Interfaith Photovoice
Interfaith Photovoice facilitators working with local faith partners and participants in the United States and internationally
© Interfaith Photovoice workshops
Formed in 2017 by Roman R Williams, PhD, against the backdrop of increasing political polarisation and anti-Muslim sentiment in the USA, Interfaith Photovoice brings together people of different faiths and beliefs to develop understanding and empathy through conversations about photographs they have taken. Whilst the Interfaith Photovoice method is customised to each group, in a typical project a group of mixed faith participants come together over a number of sessions to discuss photographs which they have produced in response to a series of prompts:
1. What do your religious beliefs, practices, and values look like in everyday life?

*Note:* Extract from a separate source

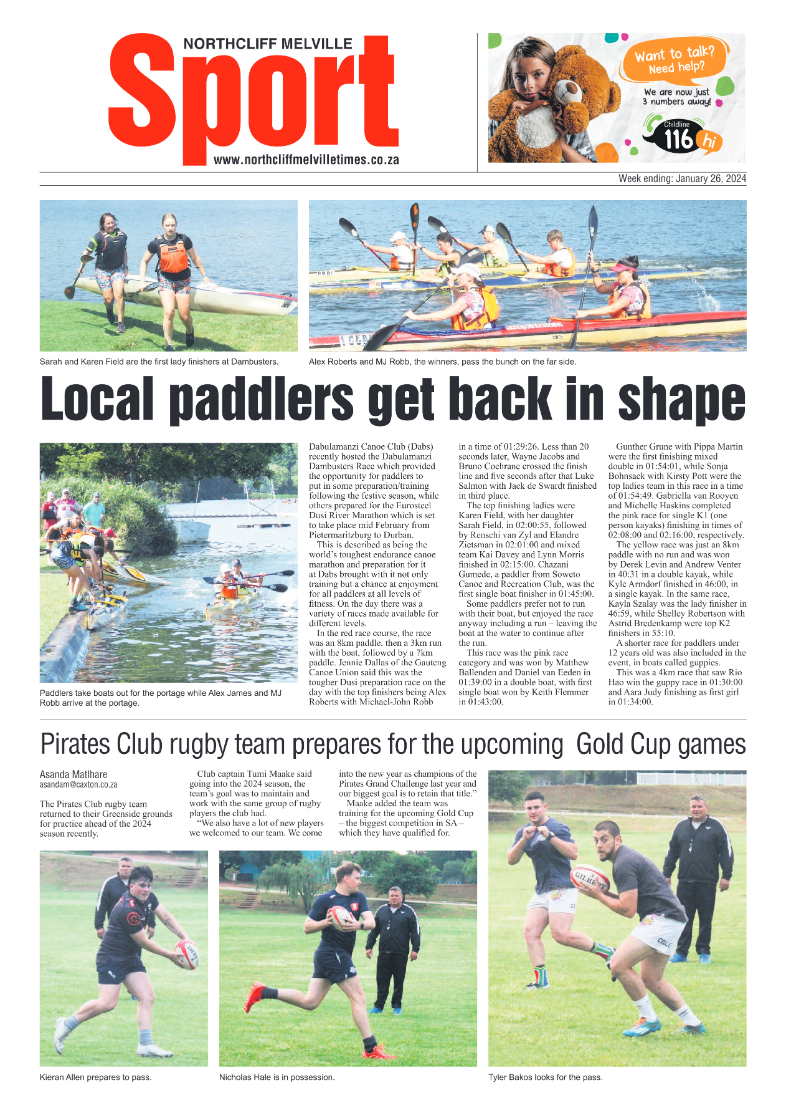Northcliff Melville Times 26 January 2024 page 12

2. What challenges do you face in your community because of your beliefs, practices, and values?
3. What would you like to change about your community to make it a better place for people of all religions?
Sitting at tables in small groups of four-eight people, participants take turns to share their images and tell the stories behind them. They listen, ask questions and make observations about each other’s’ images. The sequencing of the photo prompts encourages participants to identify commonalities and shared experiences, needs and concerns. A key starting point is to gain insights into each other’s lives, daily practices and values and to find points of commonality, mutual concerns and aspirations, that build relationships and trust before discussing more sensitive and critical issues and trying to forge a shared sense of what change might look like. In their final meetings, participants curate a collection of photos that can be used in an exhibition to share the collective experience and insights of the group with their broader community.
Interfaith Photovoice has conducted projects in conjunction with local faith partners across the USA and internationally. The sessions create safe, relatively neutral spaces in which people see through each other’s eyes and learn on an equal footing about each other’s’ daily practices, challenges and hopes, building knowledge and points of connection that generate empathy and solidarity. The method is rooted in contact theory that hypothesises that prejudice and conflict between different groups can be reduced if members of the groups interact with each other. The photographs work to create encounters, to fill in the blanks and to build bridges between people that would not ordinarily meet in their daily lives. The images act as props for the participant, allowing them to set the parameters of what they want to talk about and share with others.
© Interfaith Photovoice workshops
‘Photographs shared across interfaith differences can be disruptive of conventional and experiential knowledge… Seeing and hearing about someone else’s photos invites participants to step back from their everyday lives and to see the world from a new perspective’.